_Problem statement:_ Nothing but the lines below from the one that contains "Tesla Seri 14.4" through the one that contains "Poules musclées et" should be retyped, exactly and including both ends. Do not include pictures.

_Given records:_

--------

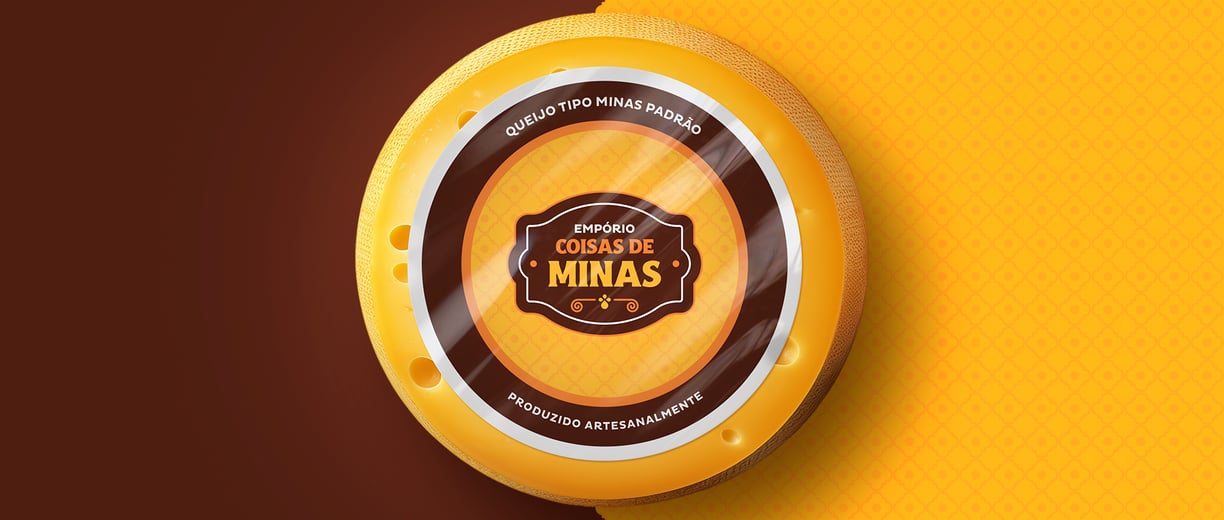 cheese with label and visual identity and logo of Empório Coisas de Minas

--------

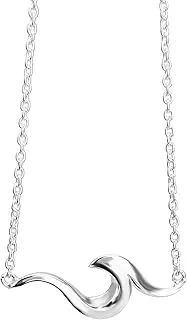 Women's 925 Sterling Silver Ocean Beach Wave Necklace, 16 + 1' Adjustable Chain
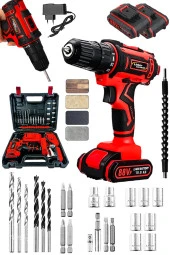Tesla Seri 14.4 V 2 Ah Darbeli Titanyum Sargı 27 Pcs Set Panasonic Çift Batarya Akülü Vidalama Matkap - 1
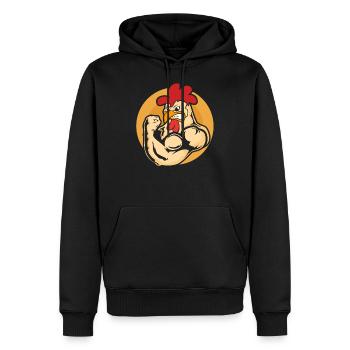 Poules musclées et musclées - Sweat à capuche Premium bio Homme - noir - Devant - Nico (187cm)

--------

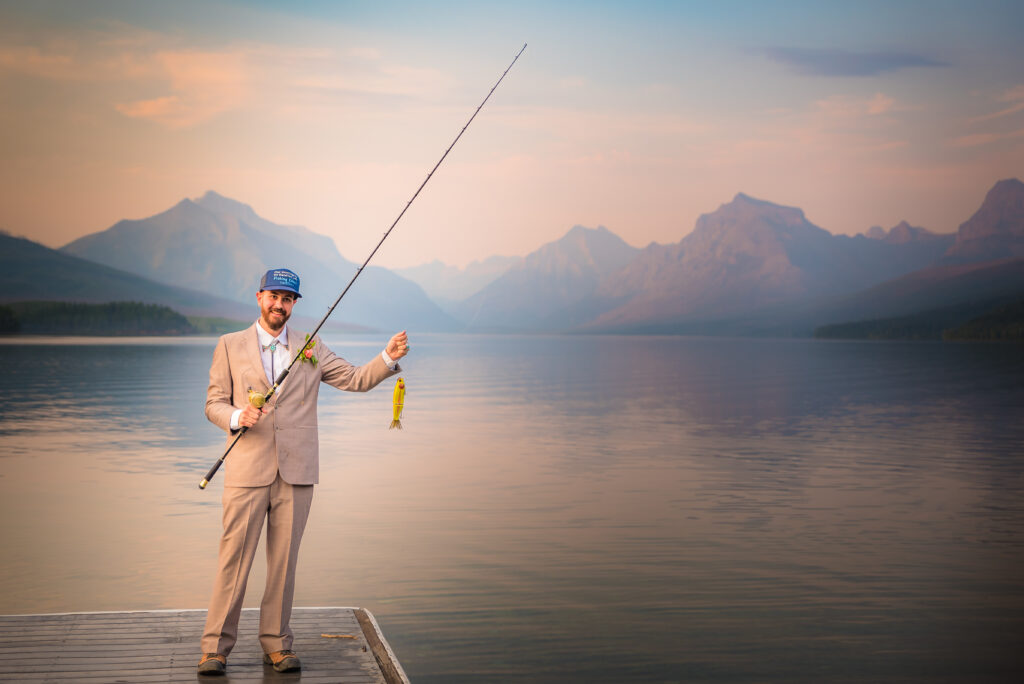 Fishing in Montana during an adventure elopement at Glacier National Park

--------

_Exercise result:_
Tesla Seri 14.4 V 2 Ah Darbeli Titanyum Sargı 27 Pcs Set Panasonic Çift Batarya Akülü Vidalama Matkap - 1
 Poules musclées et musclées - Sweat à capuche Premium bio Homme - noir - Devant - Nico (187cm)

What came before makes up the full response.